Just apply that isnan
on a row by row basis
In [135]: [row[~np.isnan(row)] for row in arr]
Out[135]: [array([1., 2., 3.]), array([4., 5.]), array([6.])]
Boolean masking as in x[~numpy.isnan(x)]
produces a flattened result because, in general, the result will be ragged like this, and can't be formed into a 2d array.
The source array must be float dtype - because np.nan
is a float:
In [138]: arr = np.array([[1,2,3,np.nan],[4,5,np.nan,np.nan],[6,np.nan,np.nan,np.nan]])
In [139]: arr
Out[139]:
array([[ 1., 2., 3., nan],
[ 4., 5., nan, nan],
[ 6., nan, nan, nan]])
If object
dtype, the numbers can be integer, but np.isnan(arr)
won't work.
If the original is a list, rather than an array:
In [146]: alist = [[1,2,3,np.nan],[4,5,np.nan,np.nan],[6,np.nan,np.nan,np.nan]]
In [147]: alist
Out[147]: [[1, 2, 3, nan], [4, 5, nan, nan], [6, nan, nan, nan]]
In [148]: [[i for i in row if ~np.isnan(i)] for row in alist]

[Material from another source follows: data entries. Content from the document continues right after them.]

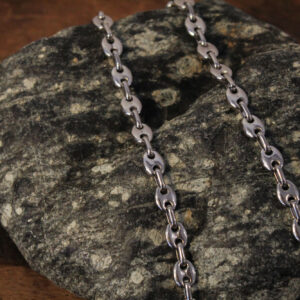 Necklace in Stainless Steel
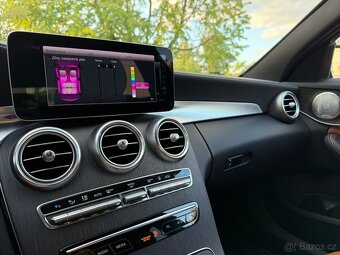 Predám Mercedes C 300de W205 225kw AMG packet 9G-tronic - 8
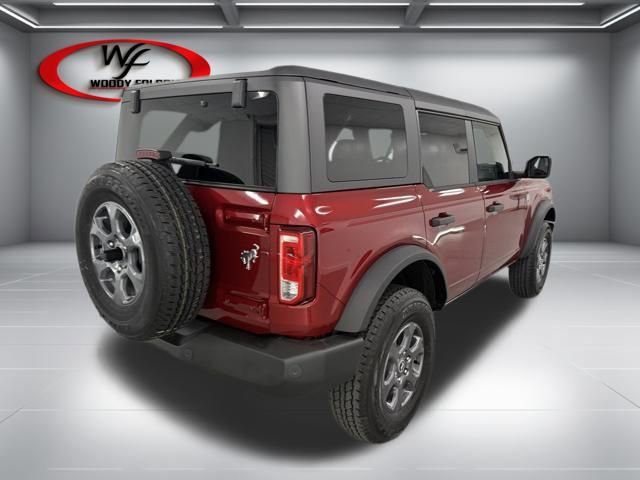 New 2026 Ford Bronco Big Bend AWD/4WD image 6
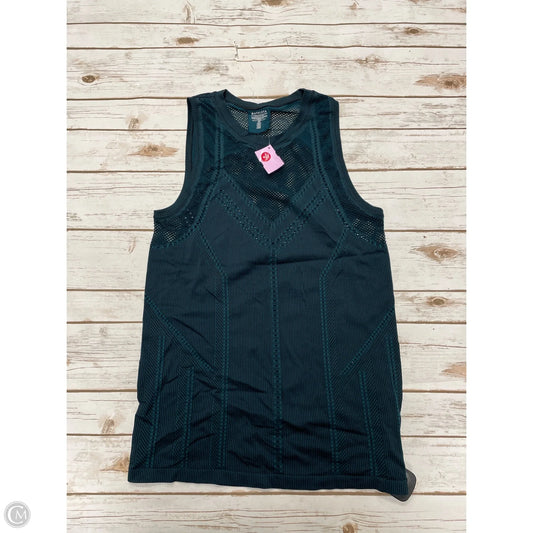 Athletic Tank Top By Athleta In Green, Size: Xl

Out[148]: [[1, 2, 3], [4, 5], [6]]
The flat array could be turned into a list of arrays with split
:
In [152]: np.split(arr[~np.isnan(arr)],(3,5))
Out[152]: [array([1., 2., 3.]), array([4., 5.]), array([6.])]
where the (3,5)
split parameter could be determined by counting the non-nan in each row, but that's more work and doesn't promise to be faster than than the row iteration.